New to Pyro: Slow MCMC, "nan" in SVI Optimization

larryshamalama · July 12, 2020, 7:53pm

Dear all,

I am new to the Pyro framework and I am trying to learn how to use it for Bayesian inference. I have tried a few examples, but I am now stuck on the following toy example on multiple linear regression:

import logging

import numpy as np

import torch
import torch.distributions.constraints as constraints

import pyro
import pyro.infer
import pyro.distributions as dist

from pyro.infer import MCMC, NUTS, Predictive, Trace_ELBO, SVI

pyro.set_rng_seed(101)

logging.basicConfig(format='%(message)s', level=logging.INFO)

intercept_0 = 4
beta_0 = [2, 3] # the _0 represents the true parameter, not to be confused with the intercept
sigma_0 = 1.5
n = 20

NUM_ITERS = 2000

x1 = np.exp(np.random.normal(loc=3, scale=2, size=[n, 1]))
x2 = np.random.binomial(n=1, p=0.4, size=[n, 1])

x = np.hstack((x1, x2))
y = intercept_0 + x@np.array(beta_0) + np.random.normal(loc=0, scale=sigma_0, size=[n,])

x = torch.Tensor(x)
y = torch.Tensor(y)


def regression(x, y):
    intercept = pyro.sample("intercept", dist.Normal(loc=0, scale=10))
    beta = []
    
    for i in range(x.shape[1]):
        beta.append(pyro.sample(f"beta{i}", dist.Normal(loc=0, scale=10)))
        
    sigma = pyro.sample("sigma", dist.InverseGamma(concentration=4, rate=2))
    
    mean = intercept + x.matmul(torch.Tensor(beta))
    
    return pyro.sample("y", dist.Normal(loc=mean, scale=sigma), obs=y)

"""
# code below is too slow... using a guide
# trying to sample from full conditional posterior

nuts_kernel = NUTS(model=regression)
mcmc = MCMC(kernel=nuts_kernel,
                 num_samples=10000,
                 num_chains=1, 
                 warmup_steps=1000)
posterior = mcmc.run(x=x, y=y)
"""

def guide(x, y):
    intercept_loc   = pyro.param("intercept_loc", torch.tensor(0.))
    intercept_scale = pyro.param("intercept_scale", torch.tensor(10.), constraint=constraints.positive)
    
    intercept_g = pyro.sample("intercept_g", dist.Normal(loc=intercept_loc, scale=intercept_scale))
    
    beta_g = []
    beta_loc   = {}
    beta_scale = {}
    
    for i in range(x.shape[1]):
        beta_loc[i]   = pyro.param(f"beta{i}_loc", torch.tensor(0.))
        beta_scale[i] = pyro.param(f"beta{i}_scale", torch.tensor(10.), constraint=constraints.positive)
        
        beta_g.append(pyro.sample(f"beta{i}_g", dist.Normal(loc=beta_loc[i], scale=beta_scale[i])))
    
    sigma_concentration = pyro.param("sigma_concentration", torch.tensor(4.), constraint=constraints.positive)
    sigma_rate = pyro.param("sigma_rate", torch.tensor(2.), constraint=constraints.positive)
    
    sigma_g = pyro.sample("sigma_g", dist.InverseGamma(concentration=sigma_concentration, 
                                                       rate=sigma_rate))
    
    mean_g = intercept_g + x.matmul(torch.Tensor(beta_g))

adam_params = {"lr": 0.005, "betas": (0.95, 0.999)}
optimizer = pyro.optim.Adam(adam_params)


pyro.clear_param_store()

svi = SVI(regression,
          guide,
          pyro.optim.Adam({"lr": .05}),
          loss=Trace_ELBO())

for i in range(NUM_ITERS):
    elbo = svi.step(x, y)
    logging.info("Elbo loss: {}".format(np.log(elbo)))

I have two questions:

Why is the MCMC (in the commented out section) for full conditional posterior sampling really slow?

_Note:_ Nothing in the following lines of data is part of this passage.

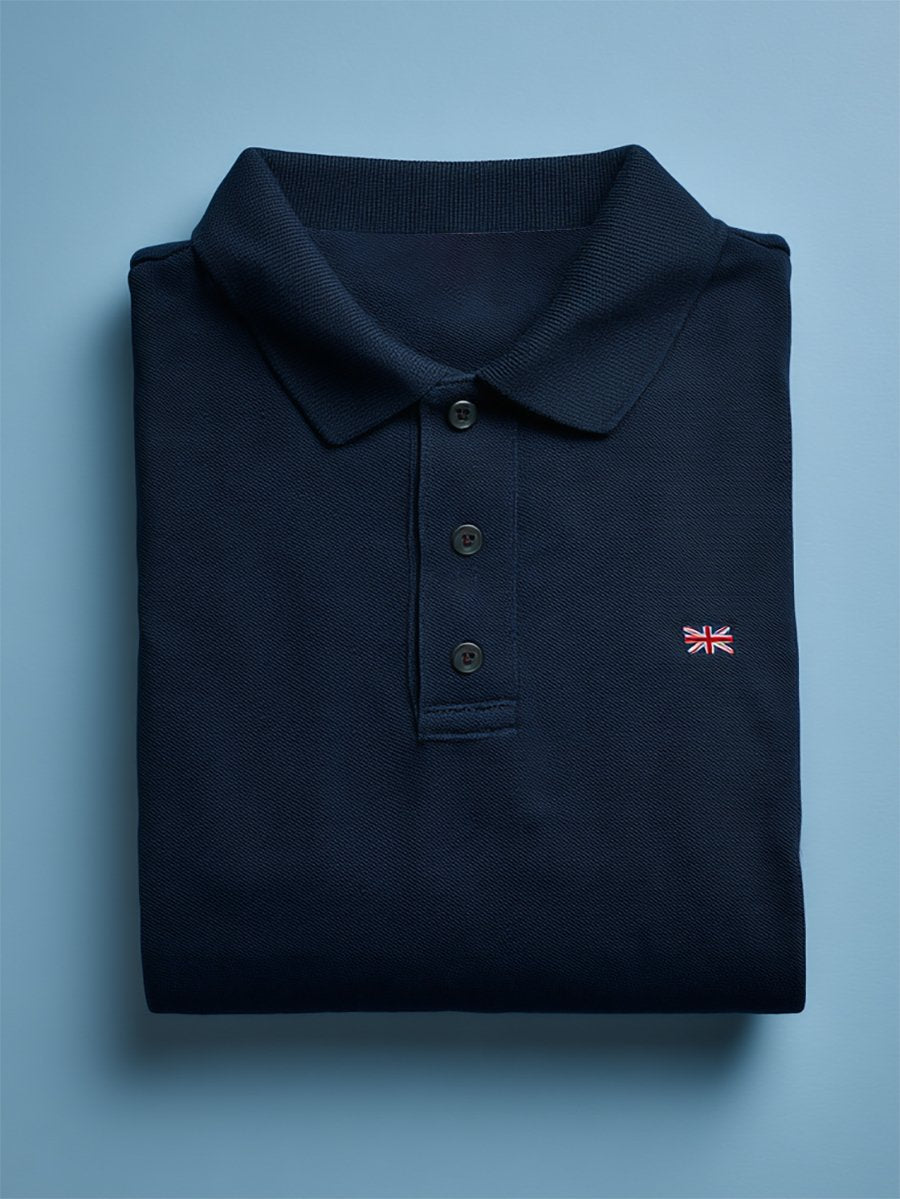 Men's Business Casual Union Jack Button Short Sleeve Polo Shirt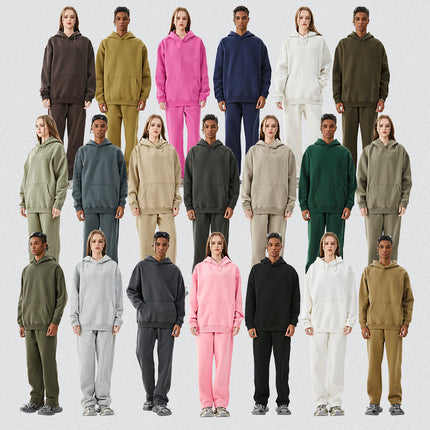 Tilani Men's Clothing 2026 Spring and Autumn Solid Color Basic Sports Suit American Style Trendy Brand Fleece-Lined Thickened Sweatshirt and Sweatpants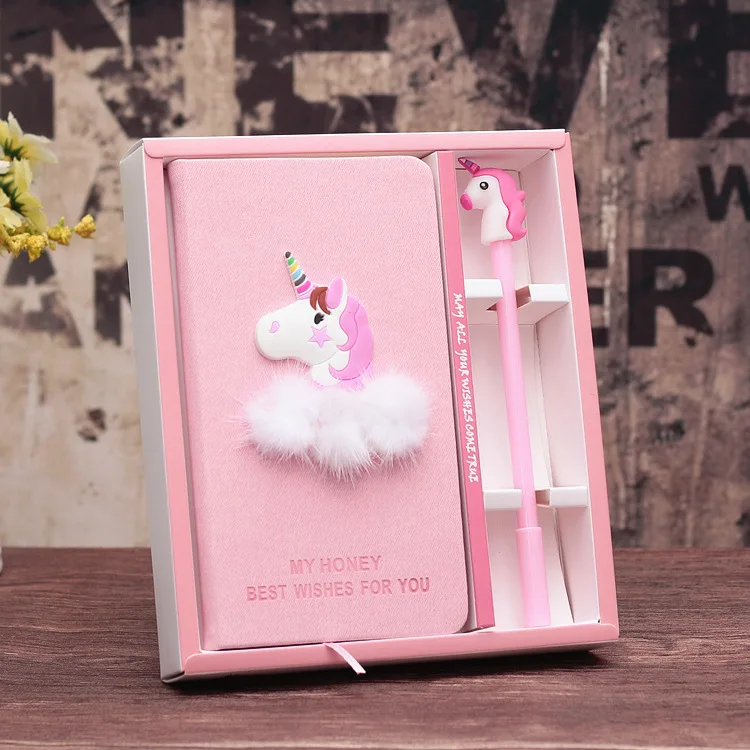 Cute Creative Beautiful Pink Unicorn Hardcover Planner Notebook Set Diary Book with Pen School Supplies Students Girls Gift | Канцтовары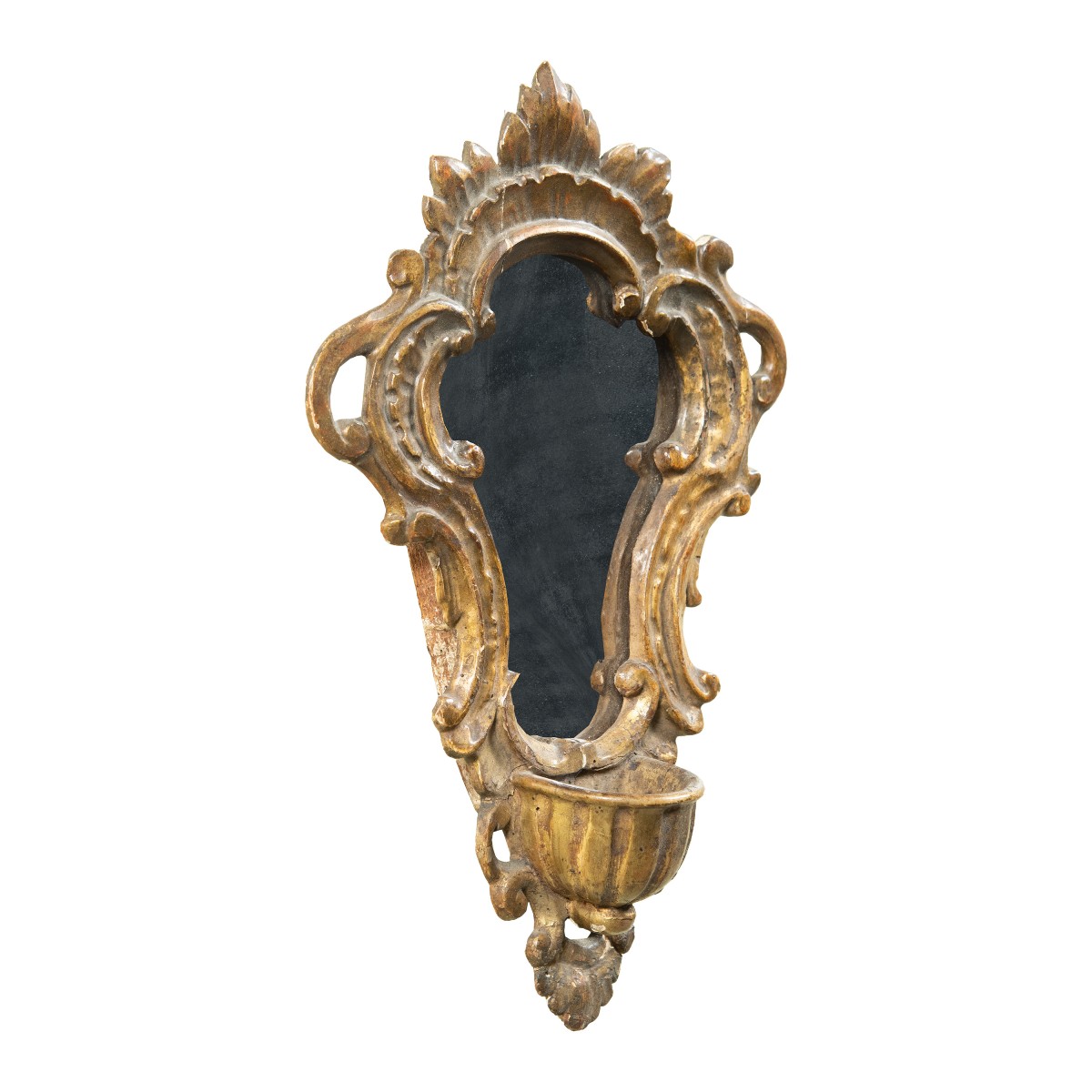Acquasantiera in legno dorato. Italia, XVIII secolo.-photo-2
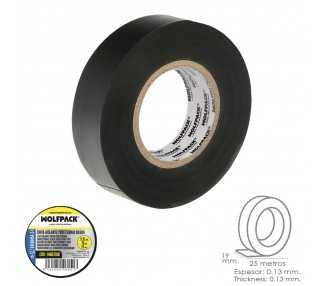 Cinta Aislante Profesional Negra Espesor 0.15 mm. Ancho 19 mm. Rollo 25 Metros Cinta Electricista, Cinta Aislante Cables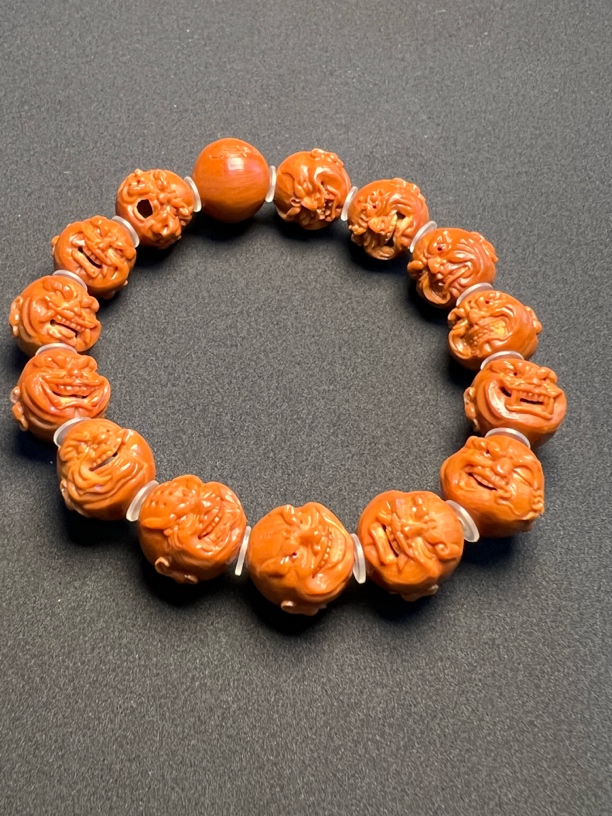 橄榄核手工雕刻恶僧1.3正圆老树油核雕刻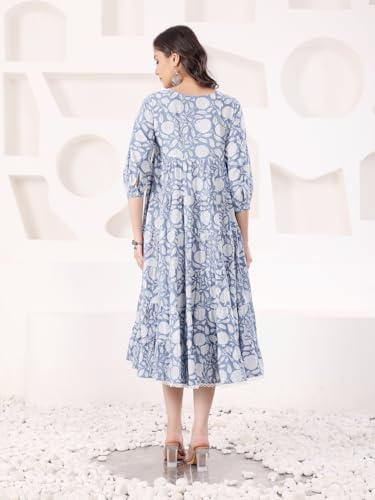 Image of SAVI Blue Cotton Printed Tiered Dress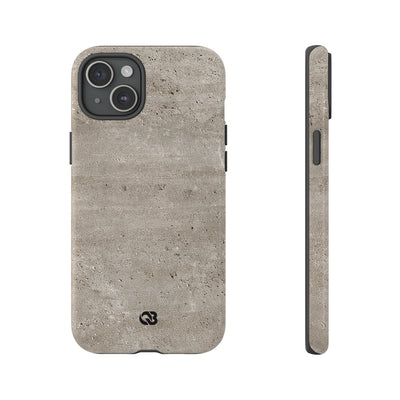 Grey Tough Phone Case for iPhone - Brutalist Stone Grit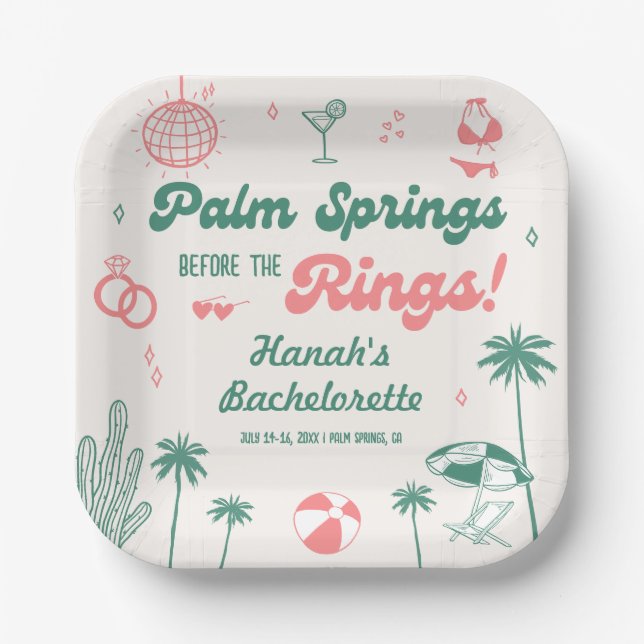 Retro Hand Drawn Palm Springs Bachelorette  Paper Plates (Front)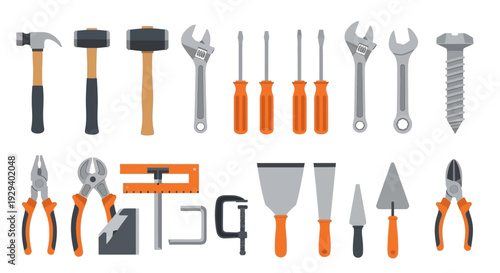 Collection of various hand tools and gardening equipment.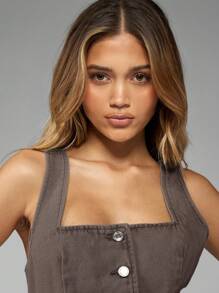 MISSGUIDED Chaleco corto de denim ajustado con cuello cuadrado y botones, estilo corset, para transición entre otoño y primavera, contemporáneo estilo western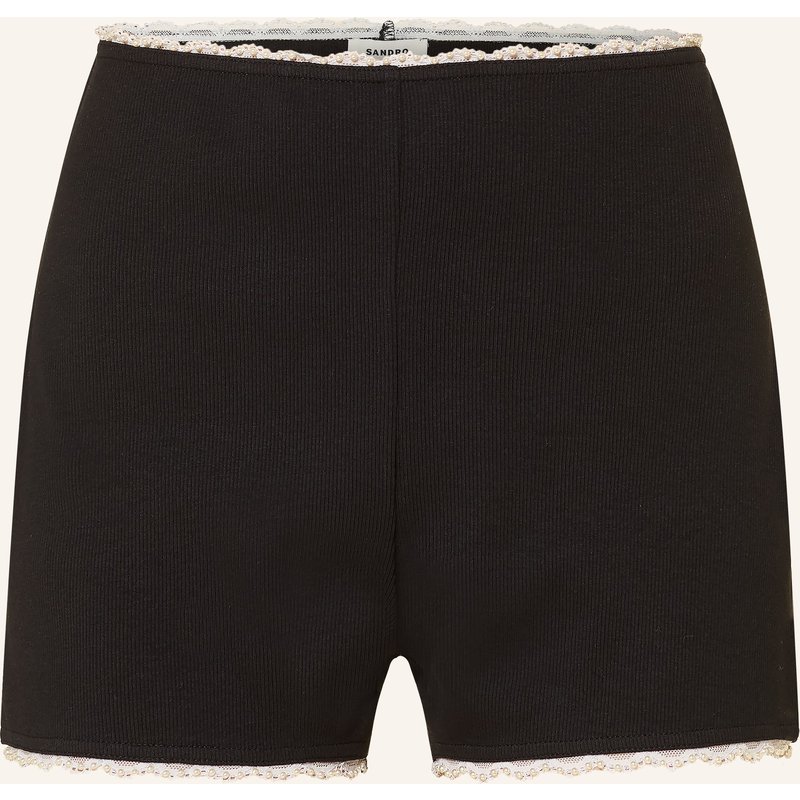 Sandro Jerseyshorts Mit Schmuckperlen schwarz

Is this normal, or is there something wrong/highly inefficient in my code?
I am getting nans when performing the SVI optimization procedure for variational inference. I initially thought that it was because I did not add constraints to my scale parameters, but I still get that error when I do. What is wrong with this code?

Apologies in advance if the solution to my questions are very simple.

Thank you very much,

Larry

fehiepsi · July 13, 2020, 1:43am

Welcome to Pyro community @larryshamalama!

Why is the MCMC (in the commented out section) for full conditional posterior sampling really slow?

I think this article explains well why Python is slow, hence MCMC codes written in Python will be slow. You can try NumPyro, which has a similar syntax but very fast (the actual code will be compiled with XLA compiler).

I am getting nans when performing the SVI optimization procedure for variational inference

It is because you use different variable names for model and guide (see this tutorial).

larryshamalama · July 13, 2020, 10:15pm

Thank you very much for your help and references!